**What to work on:**
Reproduce, exactly and in full, only the lines below from the one containing "Smiling girl with toys lying on bed at home" through the one containing "Quitting smoking - male".

**Scraped caption text data:**
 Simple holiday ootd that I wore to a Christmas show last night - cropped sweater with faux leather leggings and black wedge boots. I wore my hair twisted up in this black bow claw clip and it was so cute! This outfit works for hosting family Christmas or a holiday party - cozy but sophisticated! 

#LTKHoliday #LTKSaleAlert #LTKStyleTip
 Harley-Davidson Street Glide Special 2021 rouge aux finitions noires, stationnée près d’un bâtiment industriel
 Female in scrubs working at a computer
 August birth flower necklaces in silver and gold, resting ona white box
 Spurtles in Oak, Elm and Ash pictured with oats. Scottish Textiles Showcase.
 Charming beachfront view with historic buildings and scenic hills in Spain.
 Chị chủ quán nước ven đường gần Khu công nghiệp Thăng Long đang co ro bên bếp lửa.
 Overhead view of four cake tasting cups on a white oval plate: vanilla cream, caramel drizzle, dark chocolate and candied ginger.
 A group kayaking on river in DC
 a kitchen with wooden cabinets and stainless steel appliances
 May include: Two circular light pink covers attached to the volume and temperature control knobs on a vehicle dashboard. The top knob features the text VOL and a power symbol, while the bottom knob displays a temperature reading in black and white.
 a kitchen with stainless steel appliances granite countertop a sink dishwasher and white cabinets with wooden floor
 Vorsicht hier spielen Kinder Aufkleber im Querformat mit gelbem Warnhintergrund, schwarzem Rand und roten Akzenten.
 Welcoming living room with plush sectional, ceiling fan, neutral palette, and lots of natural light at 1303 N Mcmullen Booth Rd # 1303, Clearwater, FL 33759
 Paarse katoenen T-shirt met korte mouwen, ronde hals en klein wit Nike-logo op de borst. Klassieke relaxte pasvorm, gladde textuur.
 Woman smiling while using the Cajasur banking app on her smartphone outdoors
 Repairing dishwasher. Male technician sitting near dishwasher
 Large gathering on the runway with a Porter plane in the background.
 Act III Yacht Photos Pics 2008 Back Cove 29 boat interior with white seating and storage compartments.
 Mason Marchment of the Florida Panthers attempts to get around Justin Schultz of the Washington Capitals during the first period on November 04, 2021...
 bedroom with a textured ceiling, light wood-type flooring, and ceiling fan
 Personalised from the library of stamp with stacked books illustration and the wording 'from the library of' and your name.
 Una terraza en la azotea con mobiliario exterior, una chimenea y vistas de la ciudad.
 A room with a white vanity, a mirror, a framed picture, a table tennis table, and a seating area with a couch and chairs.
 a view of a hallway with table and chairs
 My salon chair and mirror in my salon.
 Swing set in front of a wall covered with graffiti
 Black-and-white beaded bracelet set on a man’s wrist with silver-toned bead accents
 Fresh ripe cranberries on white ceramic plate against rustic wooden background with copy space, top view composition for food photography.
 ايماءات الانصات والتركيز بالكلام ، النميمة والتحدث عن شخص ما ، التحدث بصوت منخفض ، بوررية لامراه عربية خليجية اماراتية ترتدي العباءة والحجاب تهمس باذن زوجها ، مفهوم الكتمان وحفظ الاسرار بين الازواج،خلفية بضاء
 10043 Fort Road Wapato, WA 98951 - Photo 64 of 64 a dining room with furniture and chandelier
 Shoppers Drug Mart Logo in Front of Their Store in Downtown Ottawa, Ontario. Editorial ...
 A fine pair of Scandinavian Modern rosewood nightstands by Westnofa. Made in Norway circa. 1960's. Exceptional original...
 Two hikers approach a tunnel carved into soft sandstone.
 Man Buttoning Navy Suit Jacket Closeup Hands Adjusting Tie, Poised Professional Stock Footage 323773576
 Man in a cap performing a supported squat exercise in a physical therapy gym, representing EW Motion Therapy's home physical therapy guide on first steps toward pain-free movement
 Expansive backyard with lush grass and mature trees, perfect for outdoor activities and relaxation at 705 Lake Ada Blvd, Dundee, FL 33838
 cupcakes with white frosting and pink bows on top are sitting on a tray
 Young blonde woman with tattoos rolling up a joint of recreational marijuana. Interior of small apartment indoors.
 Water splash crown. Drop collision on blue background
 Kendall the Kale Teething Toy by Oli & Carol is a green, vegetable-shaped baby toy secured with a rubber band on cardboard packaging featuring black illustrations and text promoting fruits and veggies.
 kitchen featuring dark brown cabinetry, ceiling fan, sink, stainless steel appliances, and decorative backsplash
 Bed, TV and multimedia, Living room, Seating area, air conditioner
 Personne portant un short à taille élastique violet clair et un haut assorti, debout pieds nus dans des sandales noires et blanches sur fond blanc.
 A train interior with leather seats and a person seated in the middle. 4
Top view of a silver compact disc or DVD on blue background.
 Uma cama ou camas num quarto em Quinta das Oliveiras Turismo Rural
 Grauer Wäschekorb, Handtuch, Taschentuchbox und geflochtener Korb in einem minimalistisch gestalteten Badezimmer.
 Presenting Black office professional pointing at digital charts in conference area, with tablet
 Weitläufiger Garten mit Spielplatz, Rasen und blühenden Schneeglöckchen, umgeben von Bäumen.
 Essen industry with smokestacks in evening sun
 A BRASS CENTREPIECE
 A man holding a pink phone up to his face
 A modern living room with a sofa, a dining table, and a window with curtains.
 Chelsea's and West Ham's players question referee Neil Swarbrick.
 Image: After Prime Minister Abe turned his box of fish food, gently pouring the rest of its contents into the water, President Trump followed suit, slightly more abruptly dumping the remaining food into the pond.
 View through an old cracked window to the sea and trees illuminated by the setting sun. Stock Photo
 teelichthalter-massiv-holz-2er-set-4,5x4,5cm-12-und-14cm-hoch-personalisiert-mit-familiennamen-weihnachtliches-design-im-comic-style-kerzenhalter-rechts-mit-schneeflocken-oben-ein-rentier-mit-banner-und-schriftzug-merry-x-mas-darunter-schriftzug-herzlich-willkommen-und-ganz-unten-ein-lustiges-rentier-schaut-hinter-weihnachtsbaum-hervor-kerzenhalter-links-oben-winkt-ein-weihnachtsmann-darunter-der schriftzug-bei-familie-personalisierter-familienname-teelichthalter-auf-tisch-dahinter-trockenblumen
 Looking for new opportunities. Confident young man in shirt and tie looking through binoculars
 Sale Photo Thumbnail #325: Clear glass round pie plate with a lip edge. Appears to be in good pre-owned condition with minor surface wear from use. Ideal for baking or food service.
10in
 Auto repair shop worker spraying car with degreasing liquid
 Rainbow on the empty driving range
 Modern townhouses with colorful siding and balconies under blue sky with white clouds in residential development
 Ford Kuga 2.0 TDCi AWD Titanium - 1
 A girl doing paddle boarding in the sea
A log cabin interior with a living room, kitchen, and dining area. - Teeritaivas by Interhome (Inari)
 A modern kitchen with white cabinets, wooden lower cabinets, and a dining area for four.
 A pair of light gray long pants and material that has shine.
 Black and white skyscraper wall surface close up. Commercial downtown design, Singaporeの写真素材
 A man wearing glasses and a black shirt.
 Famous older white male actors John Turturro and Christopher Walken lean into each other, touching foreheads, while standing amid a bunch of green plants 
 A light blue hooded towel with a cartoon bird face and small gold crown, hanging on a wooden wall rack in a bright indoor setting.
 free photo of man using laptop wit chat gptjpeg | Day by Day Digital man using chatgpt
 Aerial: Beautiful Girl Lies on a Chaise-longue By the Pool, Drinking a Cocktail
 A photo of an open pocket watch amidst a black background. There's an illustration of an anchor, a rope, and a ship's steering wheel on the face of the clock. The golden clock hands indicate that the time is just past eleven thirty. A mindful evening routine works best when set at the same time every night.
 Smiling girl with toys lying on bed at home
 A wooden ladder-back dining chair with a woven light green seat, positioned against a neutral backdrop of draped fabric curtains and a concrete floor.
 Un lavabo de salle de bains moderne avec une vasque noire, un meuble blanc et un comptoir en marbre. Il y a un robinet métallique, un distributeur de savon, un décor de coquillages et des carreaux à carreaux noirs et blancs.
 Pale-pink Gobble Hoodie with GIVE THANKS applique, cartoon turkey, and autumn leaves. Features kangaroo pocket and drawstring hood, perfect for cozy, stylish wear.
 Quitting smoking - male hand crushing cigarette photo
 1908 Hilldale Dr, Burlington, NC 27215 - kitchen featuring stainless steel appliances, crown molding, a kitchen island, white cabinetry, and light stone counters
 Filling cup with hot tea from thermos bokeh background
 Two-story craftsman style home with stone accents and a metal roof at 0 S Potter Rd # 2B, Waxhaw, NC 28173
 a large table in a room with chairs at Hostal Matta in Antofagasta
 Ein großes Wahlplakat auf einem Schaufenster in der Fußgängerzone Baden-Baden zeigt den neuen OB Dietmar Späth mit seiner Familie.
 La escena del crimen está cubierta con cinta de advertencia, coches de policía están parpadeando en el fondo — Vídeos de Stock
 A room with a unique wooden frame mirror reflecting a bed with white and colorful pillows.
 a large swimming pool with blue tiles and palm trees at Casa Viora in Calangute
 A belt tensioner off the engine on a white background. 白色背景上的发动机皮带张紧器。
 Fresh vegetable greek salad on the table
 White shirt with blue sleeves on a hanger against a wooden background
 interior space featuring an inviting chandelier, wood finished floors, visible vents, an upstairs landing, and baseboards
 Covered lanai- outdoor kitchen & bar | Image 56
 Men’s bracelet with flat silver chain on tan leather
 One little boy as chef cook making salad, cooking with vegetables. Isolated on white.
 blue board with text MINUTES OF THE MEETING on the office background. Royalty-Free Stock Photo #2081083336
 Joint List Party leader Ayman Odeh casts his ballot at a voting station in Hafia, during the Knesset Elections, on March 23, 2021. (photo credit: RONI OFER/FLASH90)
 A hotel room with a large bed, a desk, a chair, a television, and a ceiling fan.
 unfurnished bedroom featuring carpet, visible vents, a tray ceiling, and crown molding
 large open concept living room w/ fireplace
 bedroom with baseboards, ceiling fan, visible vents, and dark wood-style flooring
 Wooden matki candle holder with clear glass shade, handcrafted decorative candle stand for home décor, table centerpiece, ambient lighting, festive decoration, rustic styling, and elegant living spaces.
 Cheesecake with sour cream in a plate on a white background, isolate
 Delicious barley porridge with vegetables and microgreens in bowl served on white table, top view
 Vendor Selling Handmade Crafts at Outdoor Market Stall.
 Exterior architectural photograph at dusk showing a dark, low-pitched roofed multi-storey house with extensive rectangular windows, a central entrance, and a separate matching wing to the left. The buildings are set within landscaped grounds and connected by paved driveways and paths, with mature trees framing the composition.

**Task solution:**
 Smiling girl with toys lying on bed at home
 A wooden ladder-back dining chair with a woven light green seat, positioned against a neutral backdrop of draped fabric curtains and a concrete floor.
 Un lavabo de salle de bains moderne avec une vasque noire, un meuble blanc et un comptoir en marbre. Il y a un robinet métallique, un distributeur de savon, un décor de coquillages et des carreaux à carreaux noirs et blancs.
 Pale-pink Gobble Hoodie with GIVE THANKS applique, cartoon turkey, and autumn leaves. Features kangaroo pocket and drawstring hood, perfect for cozy, stylish wear.
 Quitting smoking - male hand crushing cigarette photo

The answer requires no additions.